For forty years, parametric tools asked you to think like the software — months of training, a five-figure seat, and a feature tree that shatters when you touch it. We flipped it. Describe what you want; DraftFlow draws it and Euclid models it — as real, editable geometry you actually own.
Turn a model — or a sketch, or a sentence — into a fully dimensioned, annotated drawing set. Views, sections, callouts, and a title block that follows your conventions.
Describe the part. Euclid builds it as a real feature tree — constraints, references, and parameter links intact — so one edit resolves the whole model instead of breaking it.

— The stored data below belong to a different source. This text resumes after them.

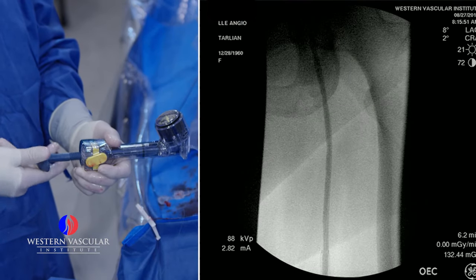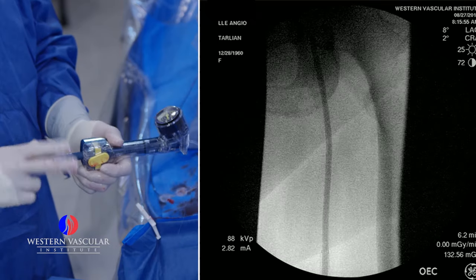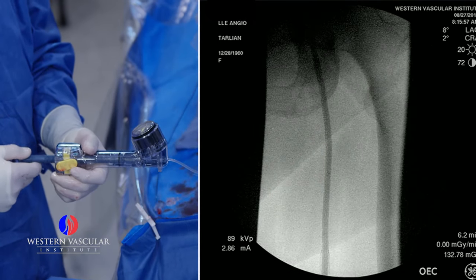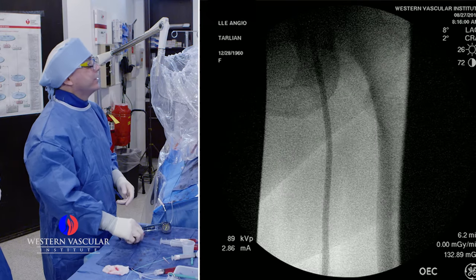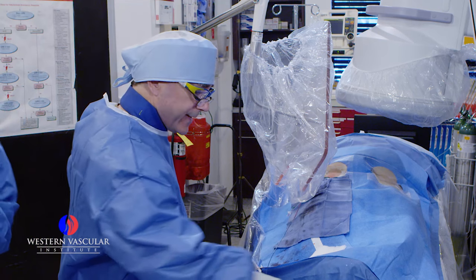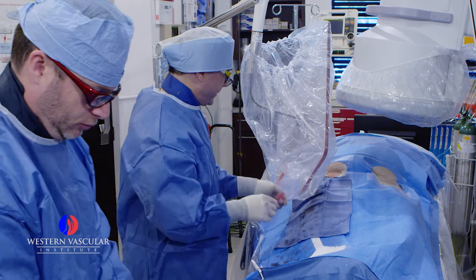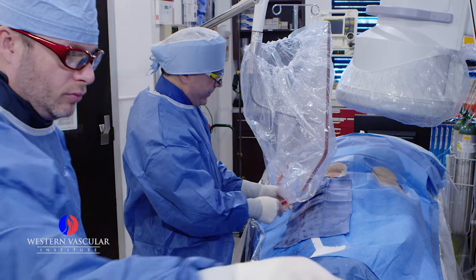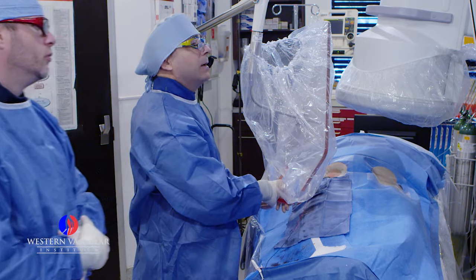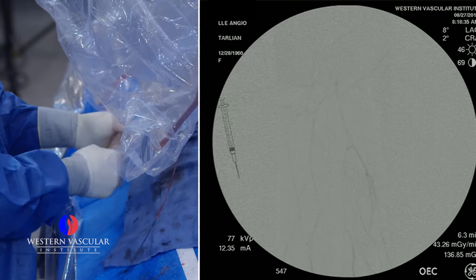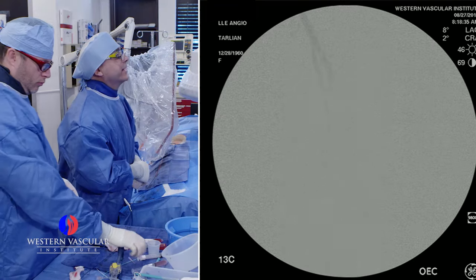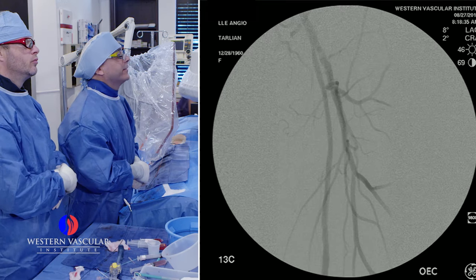We inflate nice and slow, bringing it up to eight to ten atmospheres, which is when the balloon assumes its normal diameter, and we'll leave it there for about a minute. Now we're going to take a final image and see what we have — we're looking at the top part of this artery. That looks pretty good. I don't see much in the way of dissection. I think we can leave that alone and not stent it.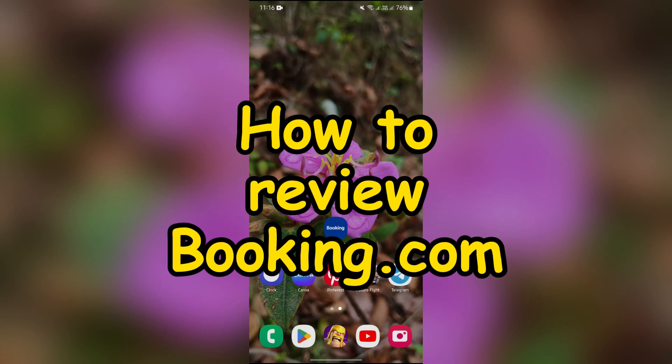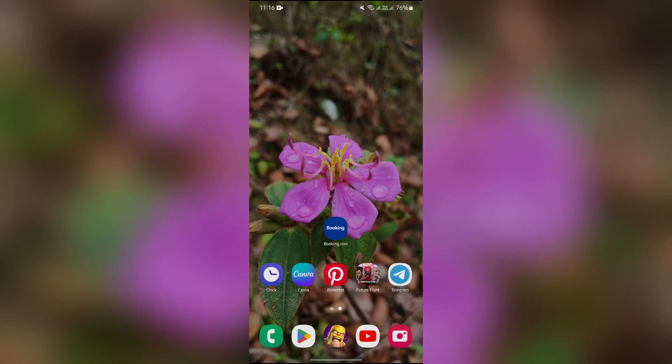How to Review Booking.com. Hello guys, welcome back to QTB, and in this video I'll be showing you how to review Booking.com.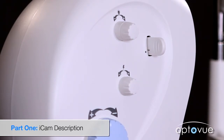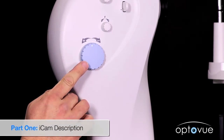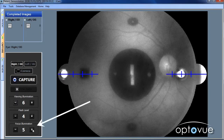The last of the controls on the camera is the large blue knob which controls the split focus. The computer screen has a final control: the focus illumination, which controls the intensity of the split focus projection.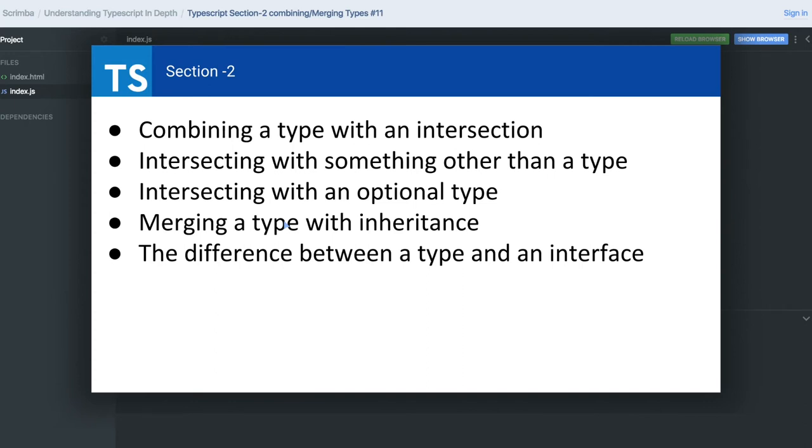We'll cover the difference between explicit type casting and implicit type casting, which was actually left from the previous section, and variables with many types which we call tuples.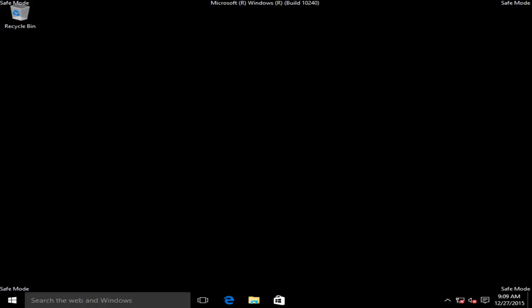And there we go, we are in safe mode. So I hope this tutorial helped you guys out, and I will see you in the next video. Goodbye.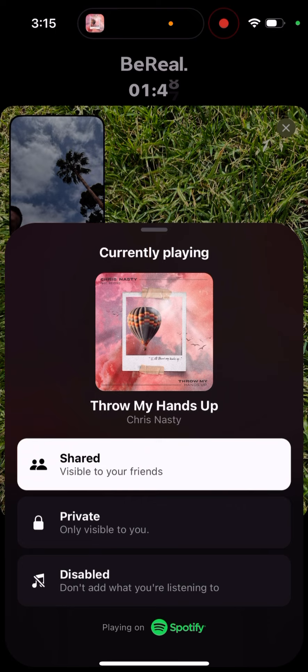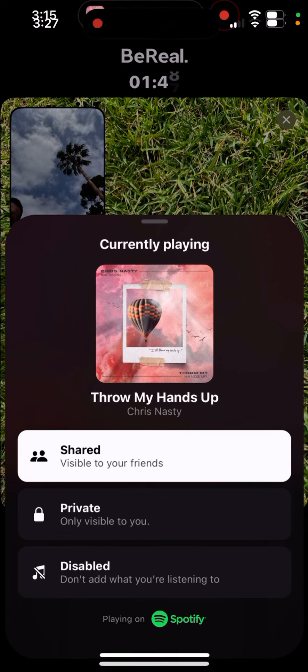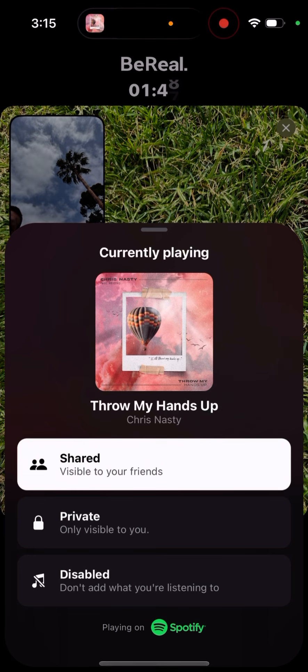So here is BeReal, and actually when you share your audio you can set it to private so it's only visible to you. When you enable this integration in BeReal settings, then when you're listening to a song and the audio is playing and you share on your BeReal, you will have an option to post it. By default it will be shared so all your friends will be able to see what you are listening to.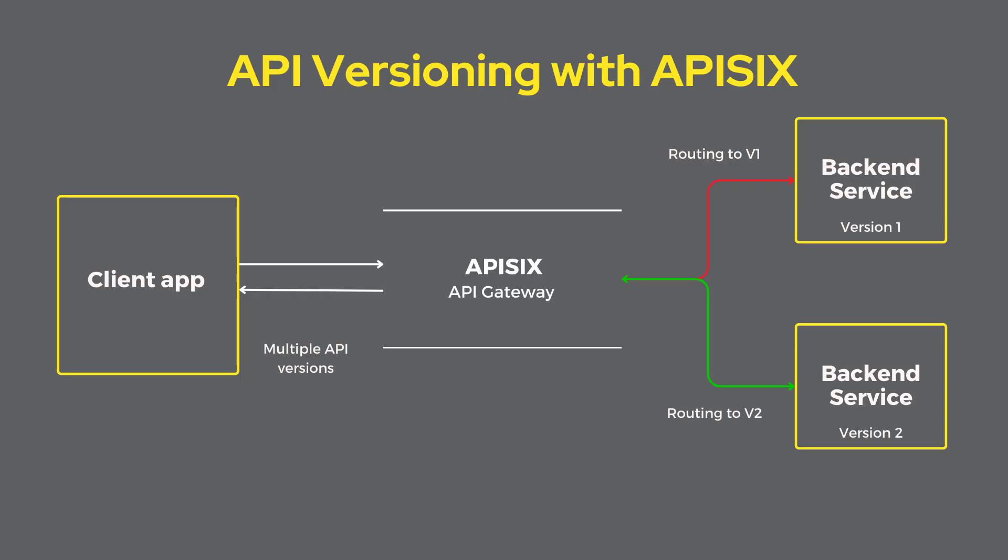API versioning is a practice of managing changes to your APIs by ensuring that these changes are made without disrupting client applications. A good API versioning strategy clearly communicates changes made and allows API consumers to decide when to upgrade to the latest version.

Heavyweight CAD is overkill for most of the work that actually needs a model or a drawing. If you know what you want but don't want to become a CAD operator to get it, this is for you. The enemy isn't the old software — it's time-to-first-usable-output and the cost of every iteration.
You need a manufacturable model for the factory, accurate dimensions for the listing, and a clean render for the product page — before the thing physically exists.
A bracket, an enclosure, a replacement gear, a printable jig. You have the engineering instinct — you just don't want to fight a feature tree for an hour to express it.
Massing studies, early layouts, client-facing concept drawings. You're paying for enterprise BIM to do work that's 80% concept. Full construction docs can stay where they are.
Planting plans, hardscape layouts, a pergola or deck. You're stuck between SketchUp and hand-drawing, and the deliverable is a dimensioned plan a client approves and a contractor builds from.
You've got the concept; you need a model and a spec sheet a factory can quote and build. Both engines, one flow — model in Euclid, document in DraftFlow.
A custom mount, a cosplay prop, a tabletop insert, a replacement knob. Tinkercad's too simple; Fusion's a wall. You just want the printable file without the learning curve.
The 2026 shift isn't flashy one-click parts. It's learning-based systems threaded into real workflows — holding intent, constraints, and traceability the way the discipline actually demands.
A twelve-click feature sequence collapses into one instruction — and comes back with proper constraints, references, and parameter links wired into the tree.
Set the material, weight, cost, and performance envelope; let the system explore the space. The bottleneck moves from drawing to deciding.
Cloud-native files, live collaboration, and digital twins fed by real sensor data turn static models into designs that keep learning after release.
Anyone who's lived in SolidWorks, CATIA, or Creo knows the truth: parametric models break. The logic tree is powerful until a reference moves — then the rebuild cascade begins. Bolting AI onto that doesn't fix it. Learning the geometry does.
Rajiv Saxena cut his teeth at SDRC — the company whose geometry work became part of Siemens — back when the solid modeling kernel was still being argued into existence. He learned the hard parts from the inside: how constraints really solve, where feature trees go brittle, why a drawing is its own kind of engineering problem.
For years he watched bright ideas for the industry arrive too early — the geometry was there, but the learning wasn't. The models could be drawn but not understood.
3Deuclid is that contribution: not AI bolted onto a forty-year-old paradigm, but engines built learning-first — by someone who knows precisely where the old ones break, and who they left behind.